Get acquainted with the Brazilian choreographer throwing herself into the London dance scene
By Lyndsey Winship|
She may be small in build but she's huge in Brazil. Here are five reasons you should take notice of choreographer Deborah Colker, as she brings her production of 'Tatyana' to the Barbican.
1. She’s Brazil’s biggest contemporary choreographer Deborah Colker launched her company nearly 20 years ago and has amassed a huge audience. Her latest piece played a two-month season in Rio. ‘Two months! Contemporary dance!’ she says. ‘You know what I’m talking about!’ 2. She’s a complete force of nature In person the diminutive Colker is a total dynamo, like the Tasmanian Devil with a much, much nicer personality. She’s a former classical pianist and professional volleyball player but dance is what drives her and she never stops. ‘I’m busy, I’m tired, but I have pleasure,’ she says. ‘It’s more than pleasure, it’s like I need this to survive.
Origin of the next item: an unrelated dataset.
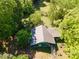 A quaint home from an aerial perspective surrounded by lush trees, providing beauty and privacy at 290 Glenmere Ln, Mooresville, NC 28115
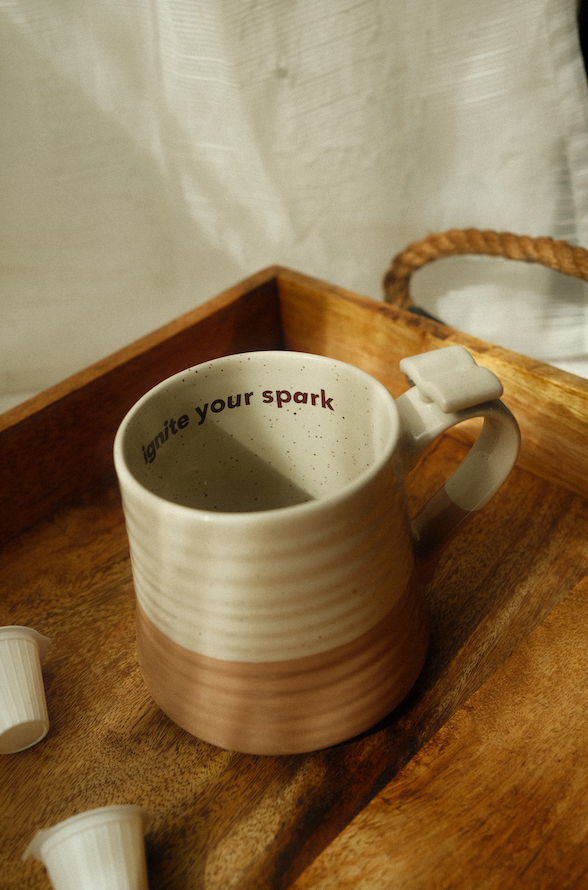 Ceramic mug with 'ignite your spark' text on a wooden tray - Thread Vision Spotlight, Ignited Apparel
It’s an emergency for me.’ 3. She thinks some people in the dance world actually hate dance Colker’s athletic, accessible movement style is a welcome antidote for anyone nonplussed by dance theatre that puts concepts over steps. ‘More and more I love strong technique,’ she says. ‘There are some people inside dance, and from my point of view they hate dance – because they don’t like music, they don’t like steps, they don’t like movement…’ 4. She’s an obvious choice to lead Rio’s Olympic opening bash Colker created a huge mass-market show for Cirque du Soleil, ‘Ovo’ – the first woman to direct for the company – so she can handle the scale, but she has nothing to disclose just yet. ‘It’s still in discussion,’ she says. ‘It is very political.’
5. Her latest piece, ‘Tatyana’, has just arrived in London Based on Pushkin’s great Russian novel ‘Eugene Onegin’, it’s not a straight narrative but a study of the four main characters and Pushkin himself. ‘I want to talk about the human condition,’ she says.